What’s Ziggy got to say about it, Al?
If you’re a fan of time travel stories, well, for the first time ever, you’ve got a real one. Well… sort of.
A team of quantum physicists were able to undo the aging of a single simulated particle by one-millionth of a second. This was accomplished due to the use of an IBM quantum computer, and a computer algorithm they wrote for it. But, it essentially demonstrates how hard it is to put the genie back in the bottle, so to speak. More importantly, how unlikely it is for such a thing to occur naturally. An example they used was the scrambling of an egg:
We demonstrate that time-reversing even ONE quantum particle is an unsurmountable task for nature alone.
The system comprising two particles is even more irreversible, let alone the eggs — comprising billions of particles — we break to prepare an omelet.
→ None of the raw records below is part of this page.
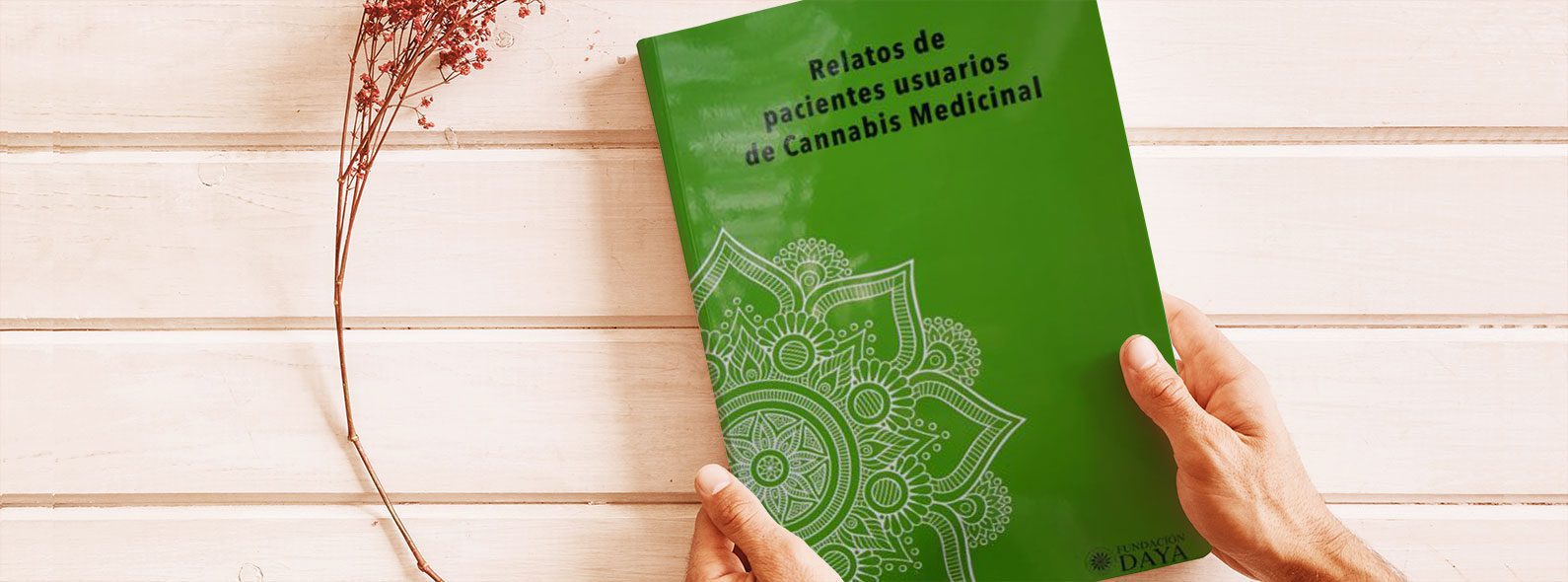 Stories of patients who use medicinal cannabis, from Fundación Daya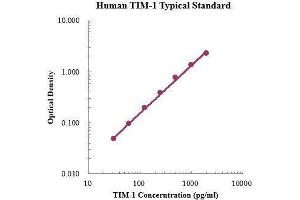 ELISA image for Hepatitis A Virus Cellular Receptor 1 (HAVCR1) ELISA Kit (ABIN3198484)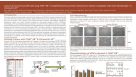 Culture of Human ES and iPS Cells Using TeSR™-E8™: a Simplified and Low Protein Maintenance Medium Compatible With Vitronectin XF™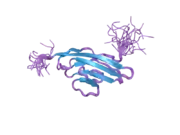 2dl9: Solution structure of the Ig-like domain of human Leucine-rich repeat-containing protein 4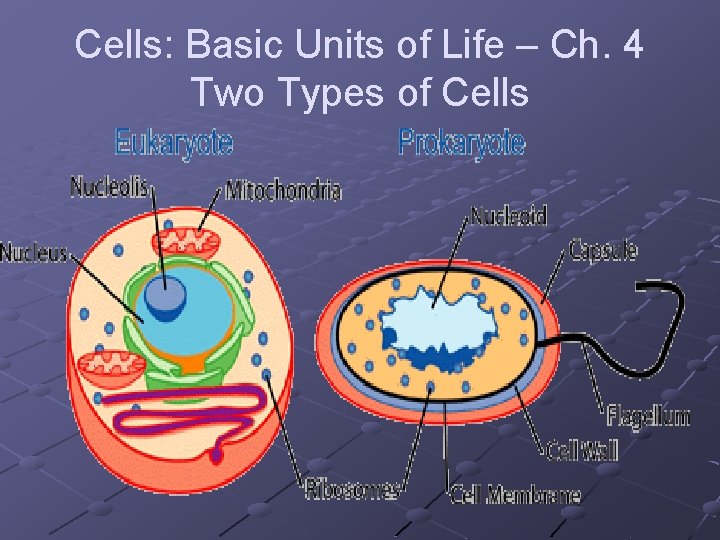 Cells: Basic Units of Life – Ch. 4 Two Types of Cells 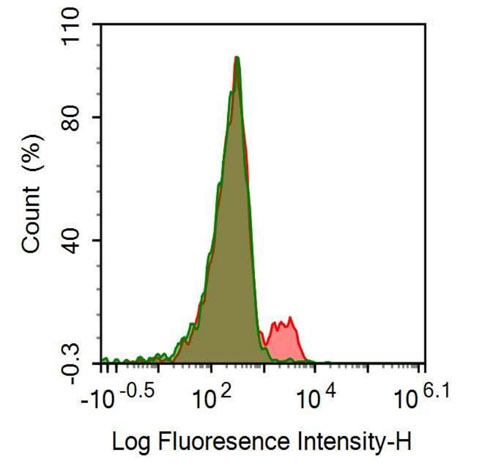 PE-Linked Anti-Tumor Necrosis Factor Receptor Superfamily, Member 5 (CD40) Polyclonal Antibody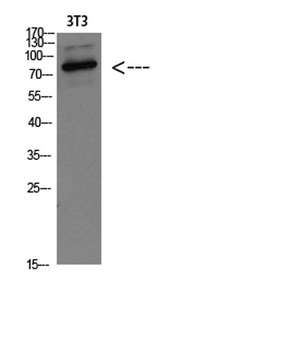 GRP78 BiP antibody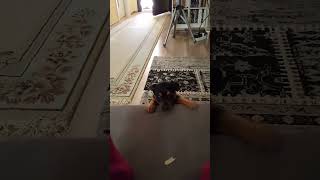 Peekaboo 😍 #subscribe #fyp #puppy #shorts #viral #funnydogs #shortfeed #short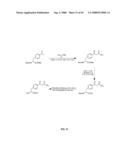 Compositions Containing, Methods Involving, and Uses of Non-Natural Amino Acids and Polypeptides diagram and image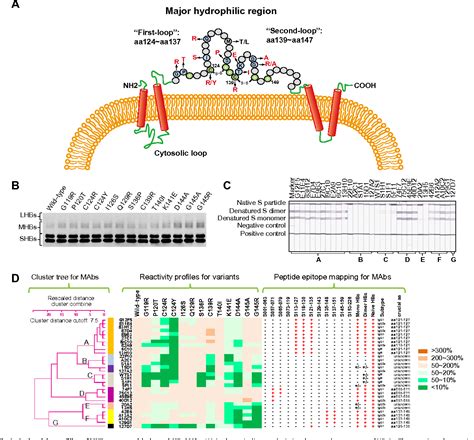 Figure 1 From Influence Of Mutations In Hepatitis B Virus Surface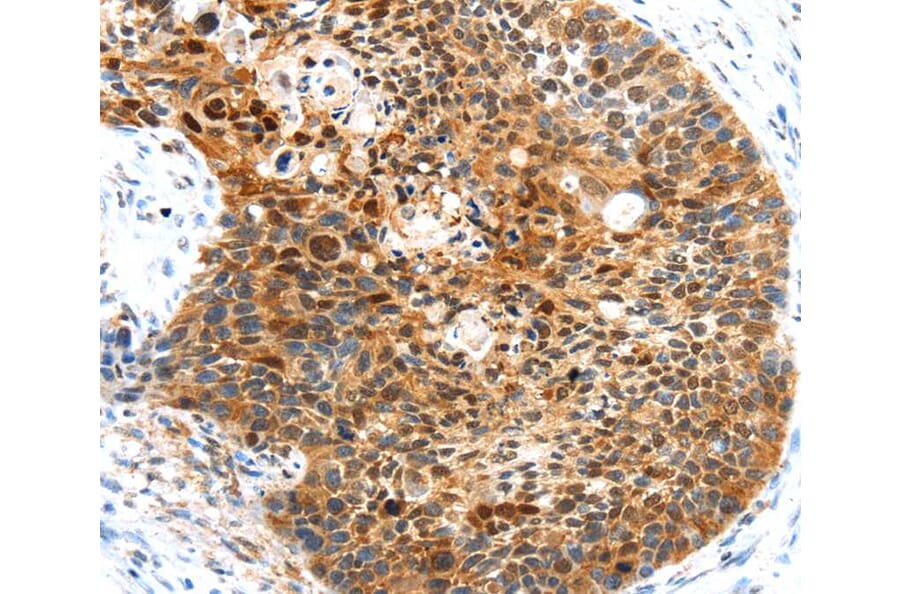 Immunohistochemistry - HUNK Antibody from Signalway Antibody (40261) - Antibodies.com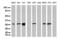 Jun Proto-Oncogene, AP-1 Transcription Factor Subunit antibody, UM800011, Origene, Western Blot image 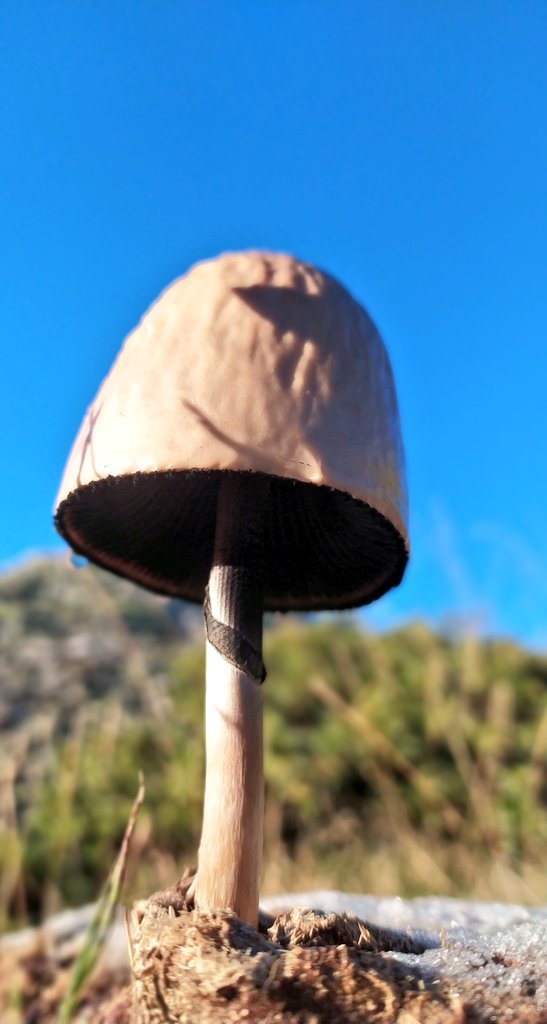 ↠

flotando en las fosas nasales de personas y animales e incluso impregnando las raíces de las plantas y las membranas de las bacterias del suelo... el OLOR nos arrastra a los enredados hilos de la memoria y la posibilidad.

Anna Lowenhaupt Tsing
'la seta del fin del mundo'

↞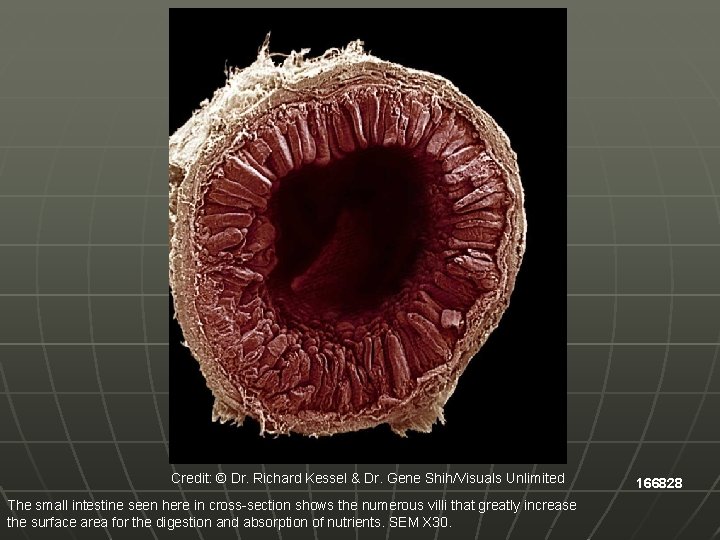 Credit: © Dr. Richard Kessel & Dr. Gene Shih/Visuals Unlimited The small intestine seen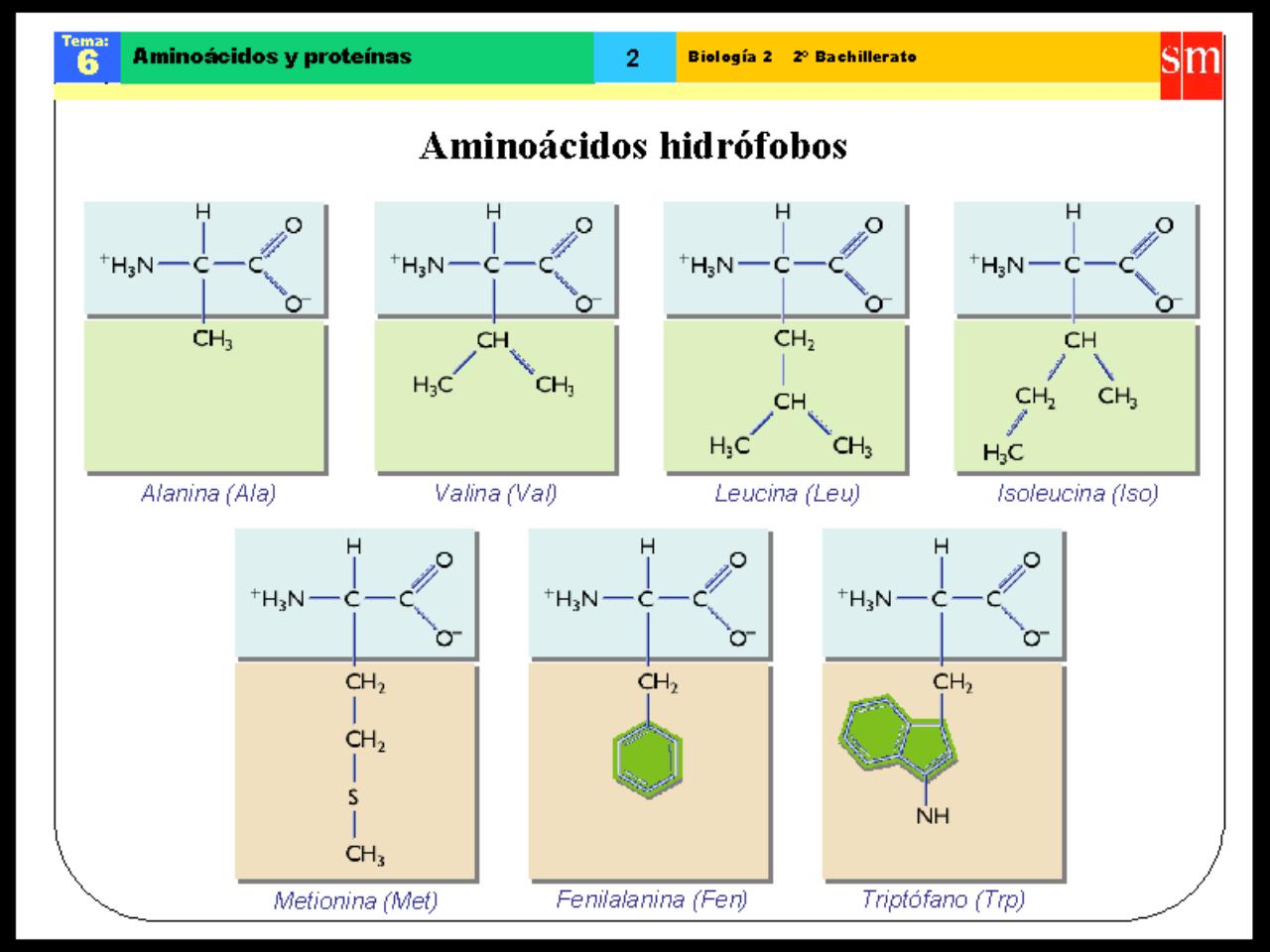 Vista previa del archivo PDF biologia-proteinas-pdf.pdf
Valerii M. Vinokur, of Argonne National Laboratory
Functionally, knowing everything you’d need to to reverse such a process is impossible. You would have to know everything about the wave that particle is riding on to even hope to do so. And there are far more ways of getting it wrong than right.
Dr. Vinokur uses another metaphor to illustrate; this time, hitting a billiard ball and returning it to its original location:
Because of the uncertainty principle, the quantum ball will never return back to the point of the origin.
Valerii M. Vinokur
That doesn’t even bring into it how much more energy it would take to actually reverse such a thing, while it was in motion.
But, thanks to quantum computing, the team was able to make a simulated particle, for lack of a better way of saying it, go back in time.
The quantum computer they used to do this is, neatly enough, available online to the public. That said, it’s not the cutting edge when it comes to quantum computers; It has a total of 5 qubits, while computers with up to 20 exist. There’s even Google’s 72 qubit “Bristlecone” computer.
The experiment was far more simple than the amount of jargon you’d need to know to understand it. They lined qubits up in an artificial atom, they were, as stated, entangled by “spooky action at a distance“. Which meant that whenever something happened to one qubit, it affected the measurements of the others.
They then hit them with microwave radio pulses, causing all of them to go from a simple to a complex state. After one-millionth of a second, they turned this “evolution program” off, then hit them with another pullse to prepare them for the trip back. Finally, they turned the evolution program back on, which reverted them to their original alignment, effectively de-aging them by a millionth of a second.
In graphic language, we convert spreading rings in the pond into the rings that are ready to go back to their origin.
Valerii M. Vinokur
The algorithm had about an 85% success rate with two qubits, but that dropped to around 50% with three. Mostly, that seems to be chalked up to errors with current quantum computing. That said, the team’s algorithm is, itself, proven. which means that as quantum computing moves forward, their test will be easier to test on new machines.
It does, however, leave Dr. Sam Beckett stuck somewhere in the past, possibly as a space chimp.